◆ **Exercise requirements**
What you produce should be an exact transcription of the data, minus any pictures.

== Data extract

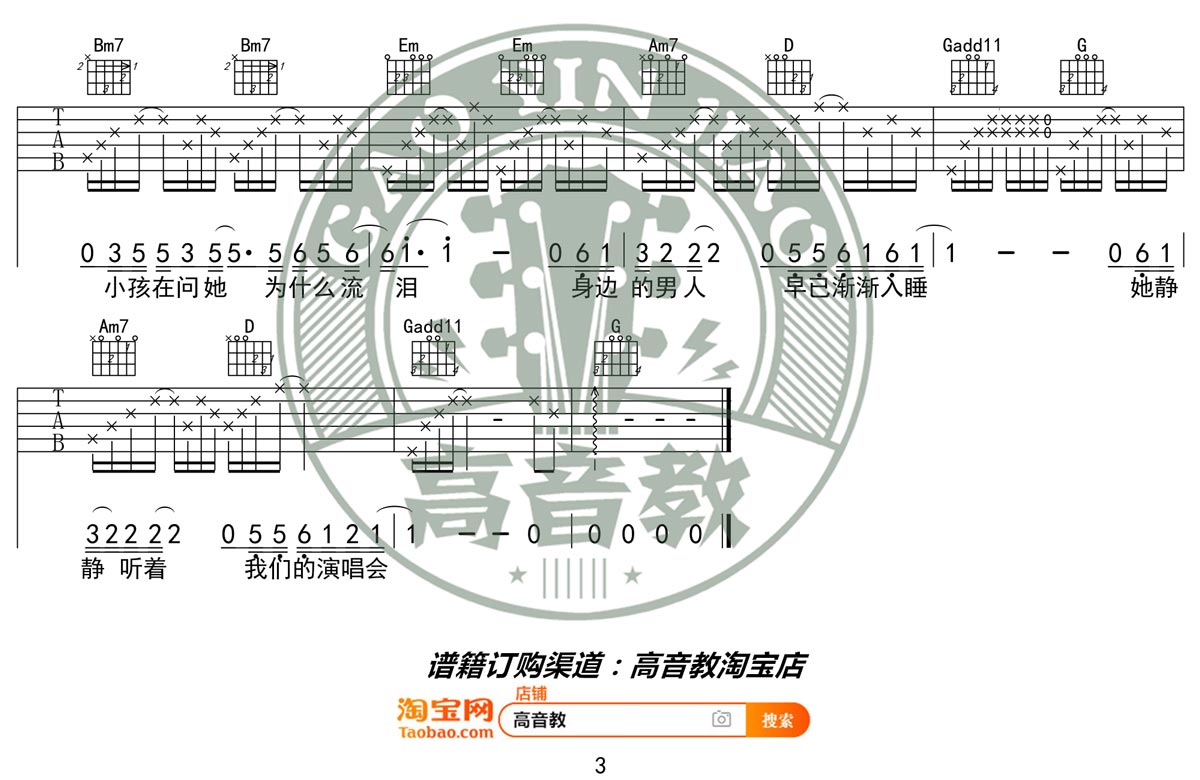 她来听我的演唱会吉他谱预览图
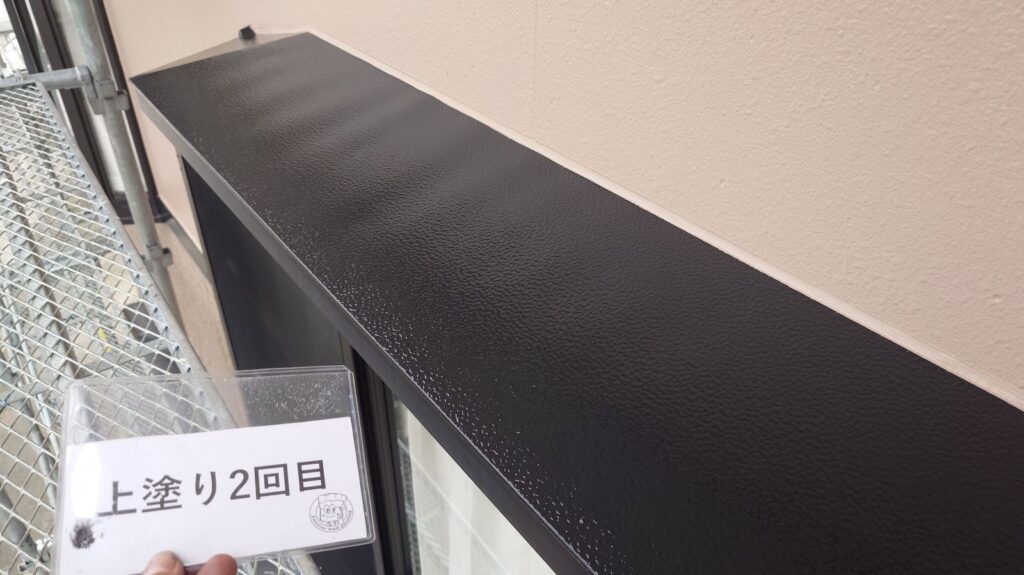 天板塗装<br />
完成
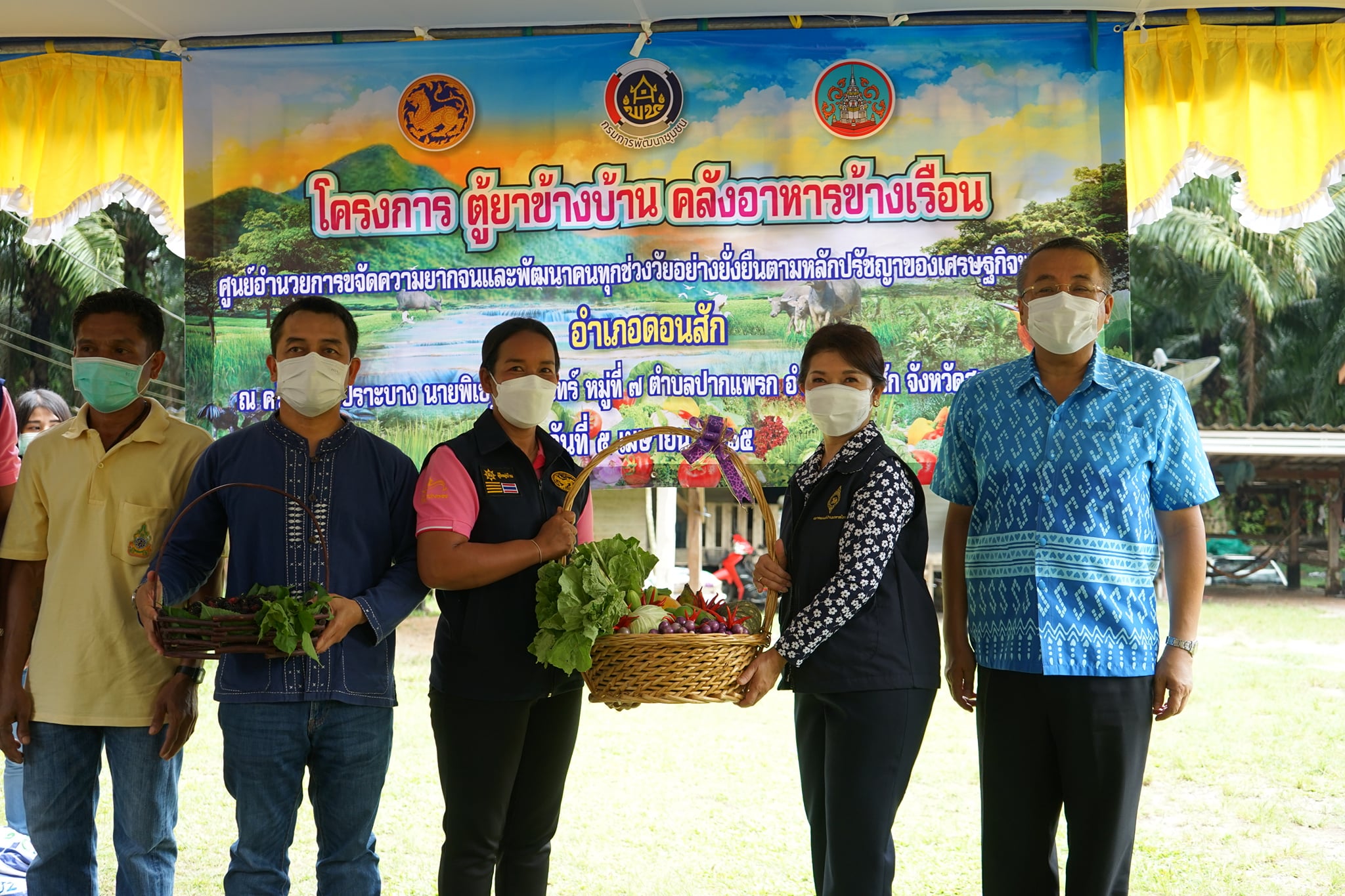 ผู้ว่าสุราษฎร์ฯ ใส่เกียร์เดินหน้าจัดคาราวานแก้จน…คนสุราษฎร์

====

◆ **Answer space**
 她来听我的演唱会吉他谱预览图
 天板塗装<br />
完成
 ผู้ว่าสุราษฎร์ฯ ใส่เกียร์เดินหน้าจัดคาราวานแก้จน…คนสุราษฎร์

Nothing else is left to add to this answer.